Data provided:
========
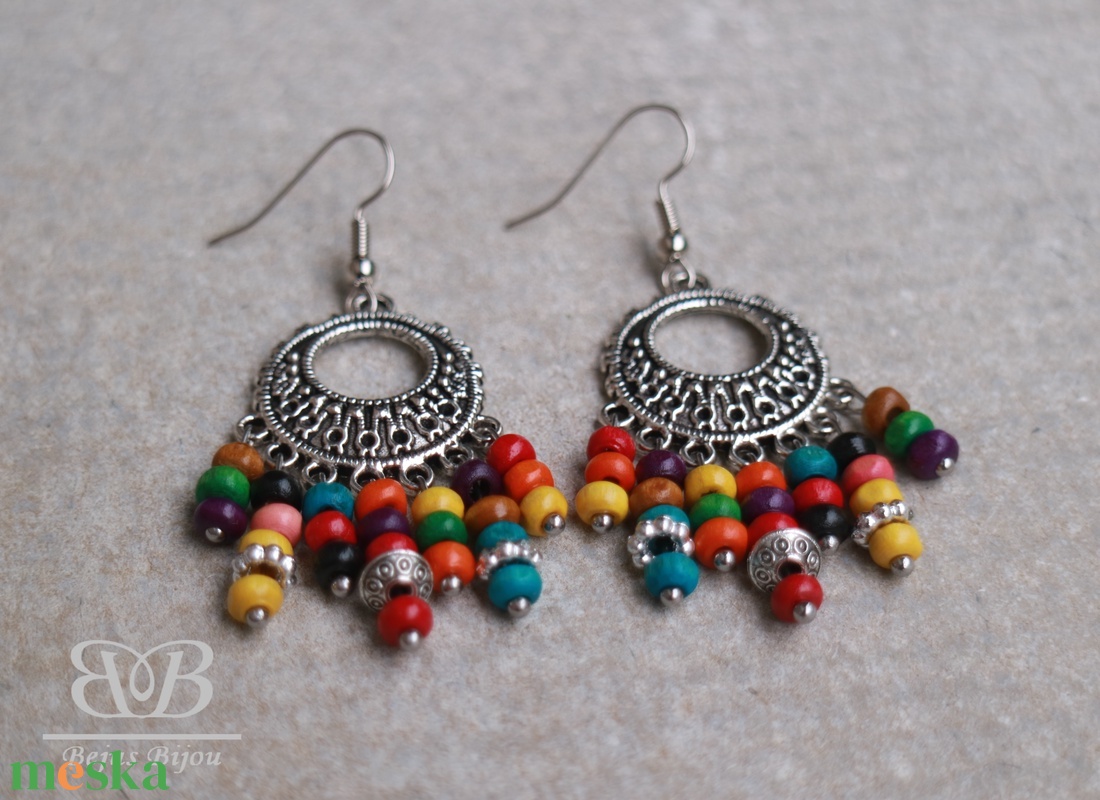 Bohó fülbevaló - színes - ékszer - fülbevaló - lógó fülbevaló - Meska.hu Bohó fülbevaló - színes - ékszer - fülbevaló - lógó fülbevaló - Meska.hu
========
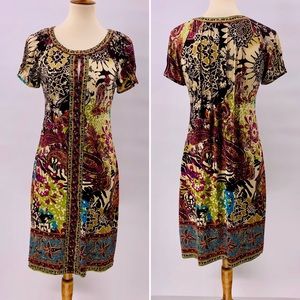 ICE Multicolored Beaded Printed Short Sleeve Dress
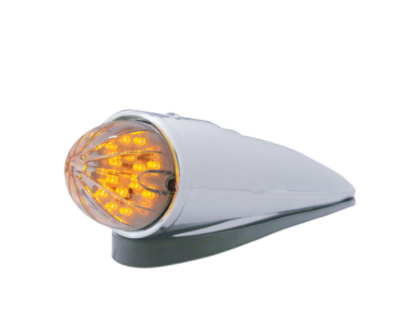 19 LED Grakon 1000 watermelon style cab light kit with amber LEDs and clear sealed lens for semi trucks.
========
What you have to do: Print the line above containing "ICE Multicolored Beaded", the line containing "19 LED Grakon", and everything between them, exactly as written. Pictures stay out.

Result:
 ICE Multicolored Beaded Printed Short Sleeve Dress
 19 LED Grakon 1000 watermelon style cab light kit with amber LEDs and clear sealed lens for semi trucks.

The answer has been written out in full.